Conrad Colman : « Je suis le plus francophile des navigateurs anglo-saxons »

Installé à Lorient depuis plusieurs années, Conrad Colman se revendique volontiers comme un exemple de citoyen du monde. Originaire de Nouvelle-Zélande, il a ensuite bourlingué aux USA puis en Grande-Bretagne avant de se poser en Bretagne. Déjà vainqueur d’un tour du monde en Class40, il s’apprête à repartir pour la grande boucle aux côté du navigateur hongrois Nandor Fa, à bord de Spirit of Hungary.

Interviews DÉC. 15, 2014 17:00

Comment se situe, pour toi, cette expérience de la bwr ?

C’est une nouvelle étape. J’ai déjà un tour du monde en Class40 derrière moi. Cette bwr peut être pour moi l’opportunité de franchir un nouveau seuil et de me préparer pour mon prochain objectif le Vendée Globe. J’aimerais bien être le premier Kiwi  à prendre le départ d’un Vendée.

 Comment se passe la cohabitation avec Nandor ?

Bien, malgré le fait qu’on ait beaucoup de différences. Tout d’abord, c’est son propre bateau : il l’a dessiné lui-même, il l’a construit. Il a forcément un rapport très intime avec sa machine. On pourrait trouver d’autres différences : il est le plus âgé de la course et je suis le plus jeune. Enfin, il vient d’Europe de l’Est quand je n’ai vécu que dans des pays à tradition libérale comme la Nouvelle-Zélande, les Etats-Unis ou la Grande-Bretagne. Et pourtant, c’est étonnant, mais on des approches très similaires.

 Tu peux résumer le parcours qui t’a amené jusqu’ici…

Déjà je suis dans un milieu où l’on naviguait beaucoup. Ma première traversée transocéanique, j’avais trois ans. On était allé de Nouvelle-Zélande jusqu’à Bali. Et pourtant, je n’arrive pas à considérer que c’est uniquement par atavisme que je navigue. Quand j’étais aux Etats-Unis, j’ai fait plein d’autres choses, je me suis notamment occupé d’une équipe cycliste, j’ai fabriqué des vélos prototypes… des choses qui n’avaient rien à voir avec la mer.
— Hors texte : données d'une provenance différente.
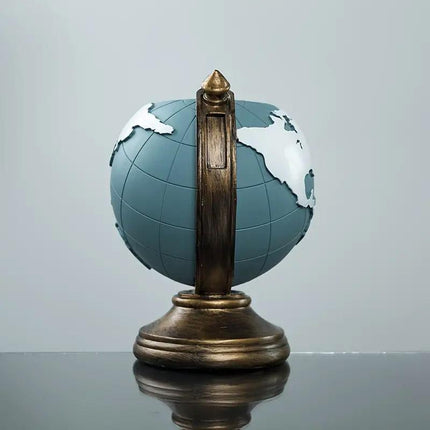 Harpiks Pen Holder Globe Desktop Organizer Storage Decoration for Office Desk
 Comment s’est refaite la connexion avec le monde des marins ?

Je suis arrivé à Cowes et j’ai commencé à travailler pour UK Sails. Puis en 2008, je suis devenu le préparateur de Steve White, un Britannique qui préparait le Vendée Globe. On a fini la préparation du bateau à Lorient et c’est là que je me suis installé…

 Néo-zélandais, de culture américaine installé en Bretagne, c’est un sacré mélange !

Oui, je me surprend parfois à penser en français, à rêver en français… Je suis sûrement le plus francophile des Anglo-Saxons. En fait, j’essaye de prendre le meilleur de toutes ces cultures : les Kiwis sont des gars bosseurs et opiniâtres, les Américains ont le sens de l’innovation. Je trouve que les Bretons sont une bonne synthèse de ces deux caractères.

 Et votre objectif, sur la course, c’est ?

Avant tout de terminer. C’est la première course de Nandor fa sur son nouveau bateau. On ne sait pas encore ce qui peut casser. Pour Nandor, c’est très important de continuer de découvrir le potentiel de sa machine. On ne peut pas être dans un esprit du mode : « Ça passe ou ça casse… » La première semaine sera déterminante. Les gars qui sont présents ici, savent pour la plupart quel est le potentiel de leur machine. Pas nous… On va peut-être avoir une surprise incroyable. Mais on n’oublie qu’une course de trois mois se joue aussi sur la durée. D’ici notre retour à Barcelone, il peut se passer plein de choses.